Recently I wrote a post on using Docker for Jupyter and Python with the Intel Python2 distribition for data science. With this, I got some feedback to use virtualenv instead of Docker.
I started using Docker for the desire to learn how to make portable environments that can be moved from one machine to another with ease. With this, Docker comes with the benefit of adding other services into an application through the use of multiple containers. I am currently learning to use docker-compose
to create an application with multiple containers. This allows for adding services such as PostgreSQL, MongoDB, Jupyter notebooks, or Apache Hadoop.

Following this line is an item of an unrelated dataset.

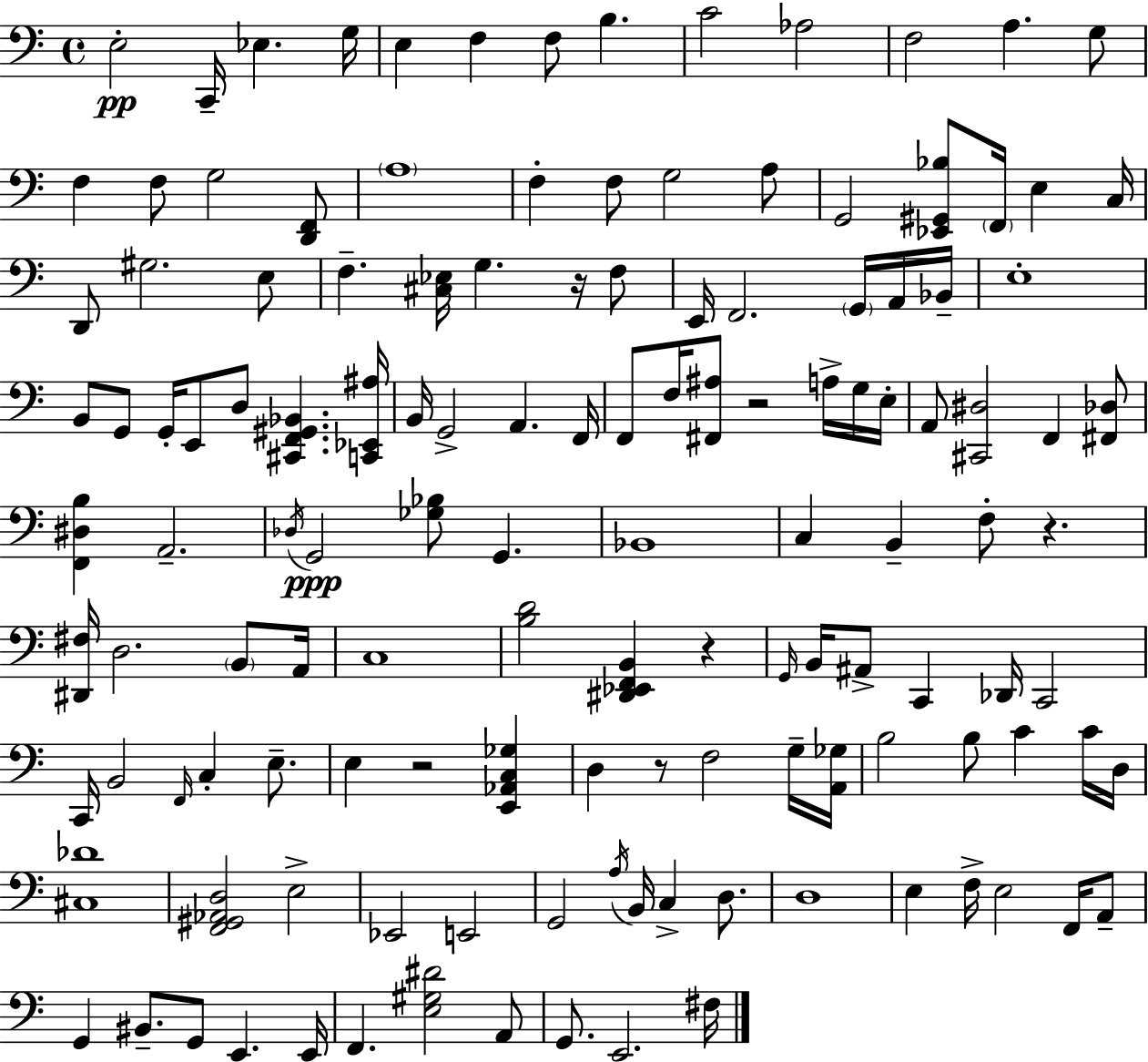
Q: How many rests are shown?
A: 6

What do you typically use and why?
References
Cover image sourced from Docker Wallpapers
Top comments (20)
Good question! I use Pipenv when developing Python applications locally.
pipenv
is now the official Python recommendation for managing isolated environments. I usepipenv
because it makes isolated environment management incredibly simple. It's important to note that you aren't facing a mutually exclusive choice here. There are Dockerized applications that use multiple isolated environments within their architecture. The boundary for me when deciding to use Docker is the scale at which the application will be used. If we're talking a production-ready web application that needs to scale to 1000's of users then containerize away! However, if we're talking about an internal tool that a team of data scientists distributes locally to use on their personal machines, then you may not need Docker. Honestly, I don't see a problem with Dockerizing for the second use case either as long as it doesn't create an unnecessary barrier to entry amongst the team.Oh interesting! Thanks for the link, I will definitely look into it more. I appreciate you responding, the idea of containerizing large scale production versus small scale in-house applications makes sense. Some applications I have seen for in-house use don't necessarily need the container while others seem more suited towards it.
Anything you are going to deploy to a server, you should use docker unless you have a really good reason not to. It's a better alternative to having a lot of custom scripts that install whatever on a server and it will just run on most server platforms. Something a lot of javascript, ruby, and python hackers always struggled with is the notion that system administrators generally don't like having to deal with stuff that just craps all over the filesystem that requires root permissions; dumps all over the place in /usr, /lib, etc. Things like virtualenv really have no business being on a server: they are development tools intended for developers on their workstations. Having any kind of custom install procedures for software on servers is just not a thing these days.
If you are using docker anyway, using docker build to build, package and run your application locally also makes a lot of sense. All it requires is adding a Dockerfile to your repo. It's really easy to set up and you document exactly what your application needs to run as a side effect. You can pick whatever python version you need, whatever libraries, binaries, etc. need to be there, etc. And if you then still want to run virtualenv or similar locally you still can.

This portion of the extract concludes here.